Search code examples
pythonscipysparse-matrix

What is the most efficient way to convert from a list of values to a scipy sparse matrix?


I have a list of values that I'm using a loop to convert to a scipy.sparse.dok_matrix. I'm aware of numpy.bincount but it doesn't work with sparse matrices. I'm wondering if there is a more efficient way to perform this conversion because the construction time for a dok_matrix is really long.

Example below for one row but I'm scaling to a 2D matrix by looping. The number of times a value x appears in the input list is the value of the xth element of the result matrix.

values = [1, 3, 3, 4]
expected_result = [0, 1, 0, 2, 1]

matrix = dok_matrix((1, MAXIMUM_EXPECTED_VALUE))
for value in values:
    matrix[0, value] = matrix.get((0, card)) + 1

MAXIMUM_EXPECTED_VALUE is in the order of 100000000 but len(values) < 100, which is why I'm using a sparse matrix.
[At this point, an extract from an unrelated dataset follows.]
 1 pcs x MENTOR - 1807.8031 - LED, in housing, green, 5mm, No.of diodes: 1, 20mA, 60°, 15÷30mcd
Possibly off-topic: there are also only a little over 10000 actual values that are used in the range of MAXIMUM_EXPECTED_VALUE but I think hashing to a contiguous range and converting back might be more complicated.


Solution

  • Looks like the standard coo style inputs suits you case:

    In [143]: from scipy import sparse
    In [144]: values = [1,3,3,4]
    In [145]: col = np.array(values)
    In [146]: row = np.zeros_like(col)
    In [147]: data = np.ones_like(col)
    In [148]: M = sparse.coo_matrix((data, (row,col)), shape=(1,10))
    In [149]: M
    Out[149]: 
    <1x10 sparse matrix of type '<class 'numpy.int64'>'
        with 4 stored elements in COOrdinate format>
    In [150]: M.A
    Out[150]: array([[0, 1, 0, 2, 1, 0, 0, 0, 0, 0]])